Colac Herald, Colac (General News)
The State Opposition has weighed in on the cyber security breach at south-west Victorian hospitals, questioning the diligence of the government’s digital defence mechanisms. This comes after the South West Alliance of Rural Health, which incorporates hospitals in Colac and district, had its information technologies attacked by unknown offenders on Monday evening, activating emergency protocols. Member for Polwarth Richard Riordan said he would like to see the community reassured about the safety of government computer networks.
“I would certainly be wondering what support the government had given them for cyber security and what resources they had,” he said.
“At the moment, our south-west hospitals are under fairly significant financial stress and they wouldn’t have surplus funds to be managing risks in terms of IT developers and managers.
“Our health networks would be the largest employer and industry right across south-west Victoria in terms of physical computers and infrastructure in place, so the avenues to access this are enormous.
“It’s a highly complex system required to keep it safe and the community needs to know what support the government has given to keep it safe.”
The Department of Premier and Cabinet said in a statement this week that its Victorian Government Cyber Incident Response Service was in place to provide emergency support after cyber attacks on government computer systems, such as those of hospitals. It said the service had responded to more than 600 cyber attacks since launching in July 2018.

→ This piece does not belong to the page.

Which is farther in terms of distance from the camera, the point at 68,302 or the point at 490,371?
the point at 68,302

Deputy Opposition Leader Georgie Crozier pointed out that the government had not provided any additional money to hospitals to defend their information technologies, after a May report from the Victorian Auditor General’s Office revealed frailties in the system.
The report said an independent officer had “accessed patient data to demonstrate the significant and present risk to the security of patient data and hospital services.”
The current attack is a ransomware infiltration, which affects the hospitals’ internal systems, but there is no evidence that hackers have accessed patient data.